Year in, year out, Coca-Cola seems to increase its dividend by about 7 to 8%. That is probably one of the reasons why Warren Buffett keeps its Coca-Cola stake intact. I would do the same.

Wal-Mart Stores, Inc.

On February 19, Wal-Mart (NYSE: WMT) increased its quarterly dividend by 2.1%, from $0.48 per share to $0.49 per share.

Of all the dividend increases that have been announced in February, Wal-Marts increase was probably the most disappointing. With a payout ratio under 50%, Wal-Mart could have done much better.

Royal Bank of Canada

On February 24, Royal Bank of Canada (TSX: RY, NYSE: RY) increased its quarterly dividend by 2.3%, from CA$0.75 per share to CA$0.77 per share.

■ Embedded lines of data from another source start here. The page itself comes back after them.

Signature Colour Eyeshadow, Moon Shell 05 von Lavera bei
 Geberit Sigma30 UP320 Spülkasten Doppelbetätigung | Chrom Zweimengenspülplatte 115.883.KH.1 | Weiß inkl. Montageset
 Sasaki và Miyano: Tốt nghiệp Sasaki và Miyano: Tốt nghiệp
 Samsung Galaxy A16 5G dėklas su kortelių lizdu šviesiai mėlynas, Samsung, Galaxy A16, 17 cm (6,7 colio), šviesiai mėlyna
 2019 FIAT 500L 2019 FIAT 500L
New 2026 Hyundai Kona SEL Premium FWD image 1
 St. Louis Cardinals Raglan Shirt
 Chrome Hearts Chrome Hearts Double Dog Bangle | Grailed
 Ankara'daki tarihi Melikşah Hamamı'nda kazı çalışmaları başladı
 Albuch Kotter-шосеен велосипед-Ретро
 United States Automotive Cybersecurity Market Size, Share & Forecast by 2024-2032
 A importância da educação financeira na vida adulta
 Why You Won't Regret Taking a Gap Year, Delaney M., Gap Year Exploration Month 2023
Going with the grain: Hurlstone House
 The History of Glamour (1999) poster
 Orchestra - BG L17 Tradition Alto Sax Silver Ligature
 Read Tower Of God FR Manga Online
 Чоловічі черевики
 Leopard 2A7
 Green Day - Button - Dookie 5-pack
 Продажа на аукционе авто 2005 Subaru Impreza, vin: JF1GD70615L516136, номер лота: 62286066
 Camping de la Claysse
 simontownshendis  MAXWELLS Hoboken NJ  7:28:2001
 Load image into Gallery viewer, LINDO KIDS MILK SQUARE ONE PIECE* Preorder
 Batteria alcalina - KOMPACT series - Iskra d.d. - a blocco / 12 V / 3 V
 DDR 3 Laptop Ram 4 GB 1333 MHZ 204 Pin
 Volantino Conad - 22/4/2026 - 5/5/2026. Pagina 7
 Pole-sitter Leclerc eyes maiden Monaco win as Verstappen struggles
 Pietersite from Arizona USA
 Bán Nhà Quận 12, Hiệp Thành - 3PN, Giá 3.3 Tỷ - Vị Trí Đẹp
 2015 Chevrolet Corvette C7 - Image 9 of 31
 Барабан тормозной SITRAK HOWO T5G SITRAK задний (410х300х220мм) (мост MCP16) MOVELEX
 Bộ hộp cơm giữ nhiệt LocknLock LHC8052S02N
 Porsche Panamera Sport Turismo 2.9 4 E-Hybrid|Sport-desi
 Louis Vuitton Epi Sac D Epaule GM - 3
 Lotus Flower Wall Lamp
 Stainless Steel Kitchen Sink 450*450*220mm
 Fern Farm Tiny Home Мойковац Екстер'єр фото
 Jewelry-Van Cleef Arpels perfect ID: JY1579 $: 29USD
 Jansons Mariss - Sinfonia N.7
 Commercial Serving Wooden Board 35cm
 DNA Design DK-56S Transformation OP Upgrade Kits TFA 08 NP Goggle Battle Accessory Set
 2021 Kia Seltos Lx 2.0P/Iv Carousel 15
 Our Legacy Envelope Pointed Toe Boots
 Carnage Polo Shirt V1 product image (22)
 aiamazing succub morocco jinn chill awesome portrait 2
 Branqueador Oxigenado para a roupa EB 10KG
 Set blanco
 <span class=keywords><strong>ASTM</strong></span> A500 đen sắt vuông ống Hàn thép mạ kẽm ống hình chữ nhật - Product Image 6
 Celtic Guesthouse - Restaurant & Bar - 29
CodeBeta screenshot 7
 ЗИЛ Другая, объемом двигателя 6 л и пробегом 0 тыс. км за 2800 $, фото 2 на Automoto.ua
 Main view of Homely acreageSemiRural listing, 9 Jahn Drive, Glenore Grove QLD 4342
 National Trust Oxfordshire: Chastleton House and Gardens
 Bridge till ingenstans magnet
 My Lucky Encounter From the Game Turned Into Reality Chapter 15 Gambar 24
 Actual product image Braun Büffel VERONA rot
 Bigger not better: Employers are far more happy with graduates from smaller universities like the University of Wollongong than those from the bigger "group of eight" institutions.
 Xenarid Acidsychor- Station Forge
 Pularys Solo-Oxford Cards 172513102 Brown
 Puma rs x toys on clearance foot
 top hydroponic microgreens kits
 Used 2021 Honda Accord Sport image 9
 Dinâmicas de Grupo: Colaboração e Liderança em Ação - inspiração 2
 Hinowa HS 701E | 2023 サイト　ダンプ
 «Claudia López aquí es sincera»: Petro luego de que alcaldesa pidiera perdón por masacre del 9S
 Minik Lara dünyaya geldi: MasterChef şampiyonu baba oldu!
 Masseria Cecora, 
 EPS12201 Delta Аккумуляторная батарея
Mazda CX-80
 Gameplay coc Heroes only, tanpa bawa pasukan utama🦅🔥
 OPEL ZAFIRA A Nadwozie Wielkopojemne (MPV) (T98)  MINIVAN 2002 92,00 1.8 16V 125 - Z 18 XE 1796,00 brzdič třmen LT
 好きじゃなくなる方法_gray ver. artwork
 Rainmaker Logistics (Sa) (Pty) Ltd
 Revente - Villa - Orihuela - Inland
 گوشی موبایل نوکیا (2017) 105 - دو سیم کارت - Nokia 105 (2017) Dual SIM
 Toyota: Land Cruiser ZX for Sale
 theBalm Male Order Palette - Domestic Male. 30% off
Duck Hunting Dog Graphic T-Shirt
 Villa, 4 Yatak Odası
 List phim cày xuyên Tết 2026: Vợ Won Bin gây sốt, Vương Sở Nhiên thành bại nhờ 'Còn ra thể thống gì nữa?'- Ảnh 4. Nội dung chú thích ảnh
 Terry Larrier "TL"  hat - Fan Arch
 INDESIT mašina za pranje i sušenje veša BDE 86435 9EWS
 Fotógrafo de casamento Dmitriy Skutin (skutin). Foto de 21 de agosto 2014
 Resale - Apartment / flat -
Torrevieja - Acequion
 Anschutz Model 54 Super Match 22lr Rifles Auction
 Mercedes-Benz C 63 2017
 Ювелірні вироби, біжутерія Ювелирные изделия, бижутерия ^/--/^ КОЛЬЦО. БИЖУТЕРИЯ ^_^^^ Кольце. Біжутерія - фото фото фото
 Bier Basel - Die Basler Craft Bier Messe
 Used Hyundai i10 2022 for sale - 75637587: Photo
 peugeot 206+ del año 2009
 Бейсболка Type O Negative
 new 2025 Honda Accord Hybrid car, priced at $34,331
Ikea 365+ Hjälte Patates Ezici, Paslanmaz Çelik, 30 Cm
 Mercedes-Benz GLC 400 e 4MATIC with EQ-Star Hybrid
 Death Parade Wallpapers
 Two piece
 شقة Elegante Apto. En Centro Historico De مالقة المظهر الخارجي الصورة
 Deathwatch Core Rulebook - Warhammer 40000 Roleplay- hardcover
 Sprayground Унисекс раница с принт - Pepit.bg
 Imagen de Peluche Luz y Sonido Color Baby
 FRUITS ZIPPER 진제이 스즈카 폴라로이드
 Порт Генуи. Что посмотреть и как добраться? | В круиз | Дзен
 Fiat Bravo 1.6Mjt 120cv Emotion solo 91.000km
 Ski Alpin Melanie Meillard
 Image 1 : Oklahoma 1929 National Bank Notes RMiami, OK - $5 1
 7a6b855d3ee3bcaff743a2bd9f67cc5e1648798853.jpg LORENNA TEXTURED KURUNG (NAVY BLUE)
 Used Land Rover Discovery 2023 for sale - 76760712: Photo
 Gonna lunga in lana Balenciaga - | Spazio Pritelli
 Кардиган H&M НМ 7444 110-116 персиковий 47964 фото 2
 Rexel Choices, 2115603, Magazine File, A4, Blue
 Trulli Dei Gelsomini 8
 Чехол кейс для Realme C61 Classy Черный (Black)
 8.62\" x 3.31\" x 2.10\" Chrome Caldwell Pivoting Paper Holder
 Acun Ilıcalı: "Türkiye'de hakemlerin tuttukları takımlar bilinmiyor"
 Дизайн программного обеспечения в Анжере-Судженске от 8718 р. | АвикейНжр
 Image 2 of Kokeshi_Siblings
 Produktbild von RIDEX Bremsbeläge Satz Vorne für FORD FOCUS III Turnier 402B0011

At first sight, a 2.3% dividend increase might not seem much. But, given the fact that Royal Bank of Canada typically increases its dividend twice a year, the 2.3% increase must be added to the previous 5.6% increase in August 2014. Over the last 12 months, Royal Bank of Canada has increased its quarterly dividend by a healthy 8.5%, from CA$0.71 per share to CA$0.77 per share.

Combined with a current yield hovering around 3.90%, these are very interesting numbers!

TD Bank

On February 26, TD Bank (TSX: TD, NYSE: TD) increased its quarterly dividend by 8.5%, from CA$0.47 per share to CA$0.51 per share.

And last but not least, TD Bank rewarded us with yet another dividend increase.

TD Bank, like most Canadian banks, tends to increase its dividend twice a year. Each increase is generally in the range of 3 to 6%. However, contrary to Royal Bank, TD Bank did not increase its dividend last August. So this increase is larger than usual.

Final Thoughts

What to say?

Dividend investing is about buying dividend stocks and collecting their ever growing dividend streams.

I think getting 9 dividend increases in a single month shows, yet again, that dividend investing does work.

As for my friend the groundhog, he is on the watch for other dividend increases.